I urge you to read the full text of this speech by the current British Ambassador to Uzbekistan, Rupert Joy.

http://ukinuzbekistan.fco.gov.uk/en/news/?view=Speech&id=21996817

Delivered in what is undoubtedly one of the most vicious and ruthless dictatorships in the world, there is not the slightest hint that Britain finds anything to criticise in Karimov’s Uzbekistan. This is of a piece with recent Home Office claims that there is no human rights problem in Uzbekistan.

Those who have read Murder in Samarkand will know that I was under pressure from the FCO to promote “reforms” by the Karimov regime to justify our alliance with Uzbekistan, even though those reforms were entirely sham.

Joy servilely intones:

“Your parliamentary institutions are developing in a positive direction. We want to support that development through closer parliamentary links with Britain, which has one of the world’s oldest parliaments.”

[FACT – only five fake parties which support Karimov are allowed to take part in parliamentary elections.
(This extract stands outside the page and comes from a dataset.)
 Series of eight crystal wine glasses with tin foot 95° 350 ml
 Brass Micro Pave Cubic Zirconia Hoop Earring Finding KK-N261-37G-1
All three main opposition parties are banned. The OSCE condemned the latest Uzbek parliamentary elections as offering no real choice to the electorate. There is no debate in the Uzbek parliament.]

“We want to support Uzbekistan in areas where it has introduced progressive legislation, such as habeas corpus and the abolition of the death penalty.”

[FACT Uzbekistan is quite happy to appease its US and UK allies by introducing entirely fake reforms. Habeas Corpus is simply ignored by the Uzbek judiciary, which the UN Committee on Human Rights recently affirmed had no independence. The abolition of the death penaly has no meaning in a country where regime opponents disappear and where families are not informed of date of execution or burial place, as again recently reaffirmed by the UN committee. Uzbekistan has 10,000 political prisoners].

https://www.craigmurray.org.uk/unhumanrightsreport.doc

The alliance with Karimov is a deep shame to this country. The UK , US and other NATO countries seek to deepen it still further as Uzbekistan becomes the major transit route for supplies to NATO forces in Afghanistan. A railway link is being built to Mazar i Sharif specifically to upgrade the already massive military trafiic by truck. The construction and shipping contracts for NATO supplies are being given to private companies owned by the Karimov family.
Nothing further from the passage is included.